Let me repeat in terms that even a Third Stringer like me can understand.
The City of Newport Beach is $200 million dollars in the hole to pay for the Pension and Health Insurance for all of its present, and future, retired employees.
And that is based on the June 30, 2009 report by CalPers, released in December of 2009, which leads me to a couple of questions.
- When did the City of Newport Beach know that their pension liability jumped up 44% from the year before to $134 million dollars? And
- Is the City going to do something more than just have the Public Safety Employees, whose contracts expire in December contribute more than just 3.5% (while the City contributes the remaining 96.5%) to their pensions?
With question #1, one cannot help but wonder, after an election season where Pension Liability was a huge topic, where Council candidate Ed Reno brought up privatizing more City Functions (Trash Service as an example), where the size of government was questioned, did the City wait until after the November 2010 elections, 11 months AFTER the report was released, to drop this little tidbit of information?
If we, the voters, would have found out that the City was $200 million dollars in the hole to pay for the bloated, yet “deserved”, pensions and health insurance of its employees, would the election results have been different?
Perhaps.
But couple this with the $128 million dollar loan to build the City Hall/Civic Center, and the City of Newport Beach faces a debt service of over $328 million dollars which will choke even the most robust bank accounts, even the most robust companies.
Is being $328 million dollars in debt a good thing to be during these tough economic times?
Question #2, how far will the City go to alleviate this problem? And how much will the Public Employee Unions concede to prevent this fiscal bubble from inevitably bursting?
Contributing 3.5% to 8% to their own pensions will not work. Having them raise their retirement age from 50 to 55 won’t do anything either.
Only having employees go from the traditional CalPers system to a “defined-contribution” program similar to a 401k, as Mayor Henn suggests, would help, but instead of hoping that it could be done “well down the road,” it needs to be done immediately.
Doing it “well down the road” would be like ordering more lifeboats for the Titanic long after the ship has sunk.
Will the Public Employees, Firefighters, Lifeguards, Police Officers, and Trash guys be willing to dump their juicy pensions for a normal 401k plan like you and I do?
And what will Mayor Henn and the rest of the Newport Beach City Council do if they won’t and “concede” to just contributing 9% to their pensions?
Here’s what I would love to see happen.
-The City Council draws a line in the sand and says that being $328 ($128 million for the City Hall/Civic Center and $200 million in unfunded Pension and OPEB liabilities) million dollars in debt is enough.
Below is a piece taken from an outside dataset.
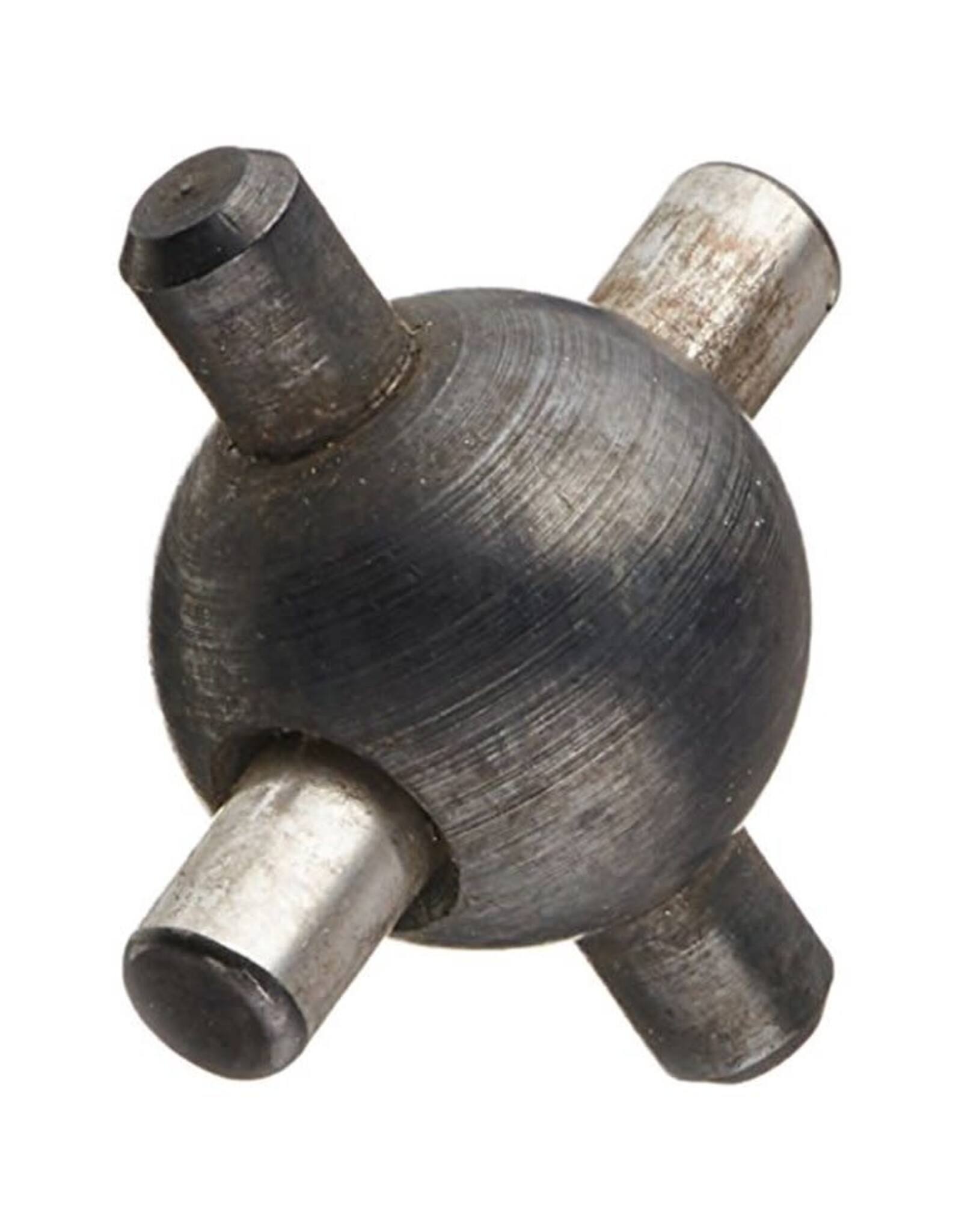 ECX Driveshaft Pivot Ball (4) : Circuit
-The City Council immediately implements a “Defined-Contribution” program similar to a 401k, and raise the retirement ages to 60 years old.
-If the Unions don’t agree, then let the layoffs begin.
Yes, I repeat, let the layoffs begin.
Just like in Colton, CA and in Camden, NJ.
You read that right, the City Council need to start acting like Fiscal Conservatives (like many claim to be) and take the necessary actions to ensure that the next bubble that bursts isn’t Newport Beach’s.
And Mayor Henn needs to step up to the plate to keep the Newport Beach ship from sinking.